Category Archives: Reflection

State of the Art: Battling Material Snobbery

Now that material snobbery has taken hold of my brain I battle it in the best way I know how- by focusing on the art.

Last week I had a moment where my entrenched material snobbery hit me head ON. I was taking part in an art prompt with my coworkers when I realized that the paints we’d been provided with were…. not my usual brand. Further we were given only the primary colors plus white and black.  I was having trouble mixing the colors I wanted and was getting frustrated.

I wanted to run to my studio and grab a package of acrylics I ordered for a group and use all the colors I couldn’t mix.

After a bit of frustration I focused on what I COULD do with what I had on hand. The image ended up working pretty well. I used cups to press circles of paint onto my canvas and little creamer cups to press perfect dabs of color all over.

In the end I had fun.

No matter what tools I have on hand I can always find a way to make them work in some way. It might be different than my initial plan, but it’ll work. This is what happens when you let yourself be flexible, and look at the possibilities instead of the limitations of the material at hand.

I try to remember that limitations are possibilities.

 

State of the Art: Allowing for Flexibility

I have not always been the most flexible of people, but allowing for flexibility in life helps avoid burn out and anxious thoughts.

I’m a person that thrive and loves routine. I get up in the morning at the same time every weekday and only allow myself to sleep in by about an hour on weekends. Then my days start off with the same routine. I have grumbled and groaned when my routine has been thrown off.

When I changed jobs the first time, it was into a very different position, and then I was able to get my new awesome job. The shifting routines from one job to the next job to the next kinda blew my routines into smithereens. Each job has had its own schedule, vastly different from the others. It had made the transitions difficult, but totally worthwhile.

It takes time to get used to a new schedule, it’s why I don’t change mine all that often.

Last week I went for my booster vaccine. I waited too long to get it and had a stronger reaction than if I’d gotten it earlier, or when I was first eligible. I slept from Thursday evening to Saturday at noon. Then was tired until Monday. The kind of tired where getting things done seems impossible or leads to a nap.

I’m not a napper.

But I had to allow myself to get well. While my brain is beating myself up for “just being tired.”

This kind of thinking isn’t helpful, at all.

I’ve learned that I need to allow myself these quiet times to relax, to try to quiet my mind from beating myself up. I’ll have time later to create what I want to create. If I’m late with art or packages, I email the people who ordered and let them know what is happening.

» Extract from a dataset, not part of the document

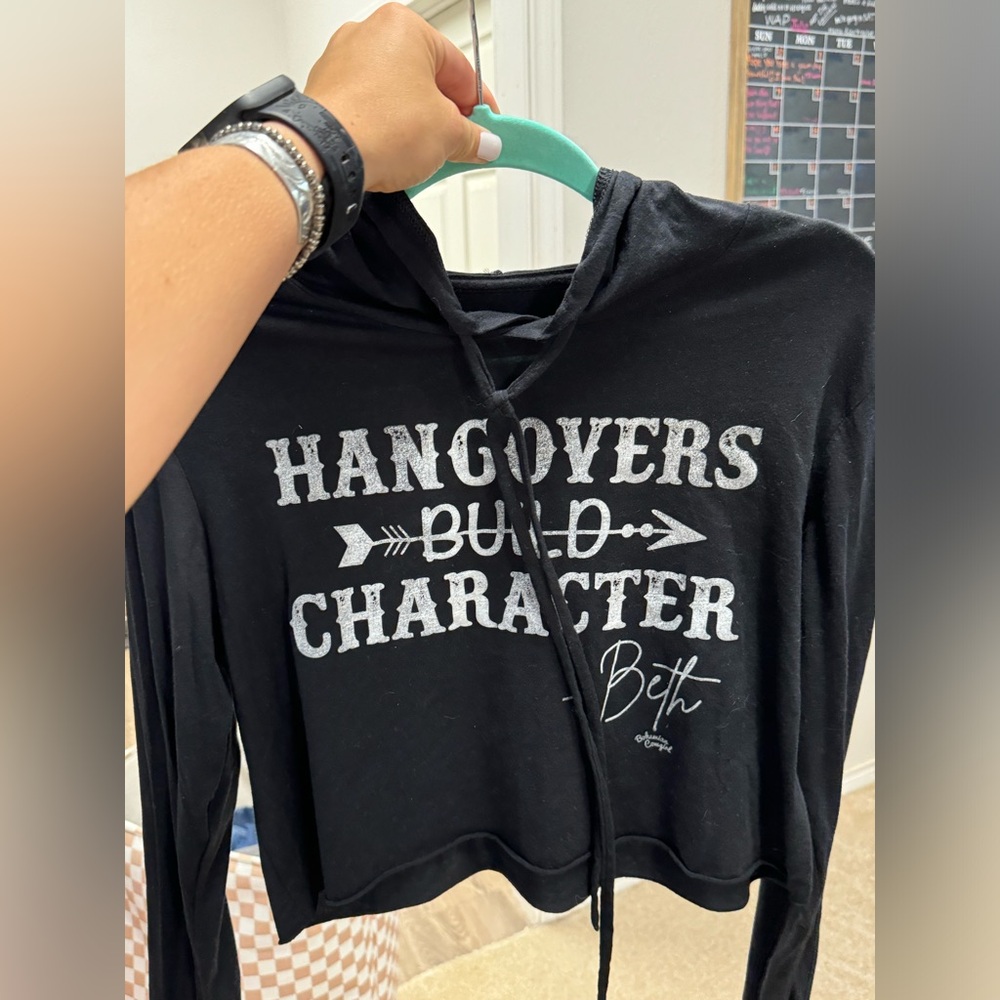 cropped boutique longsleeve shirt with hood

Another thing I need to remember is that balance is key to everything. Pushing out work when I’m not happy with it or when I’m too tired to think is a disservice to myself and to the art. There are times when being creative means sticking my nose into my sketchbook and doodling and letting my mind relax. Sometimes it also means I need to take a nap or read a book or not make art for a few days. And that’s okay. Sometimes work takes center stage and sometimes my own creative work does. It all evens out and balances in the end.

Taking time for oneself is essential to the creative process.

I need to remind myself of that every now and then.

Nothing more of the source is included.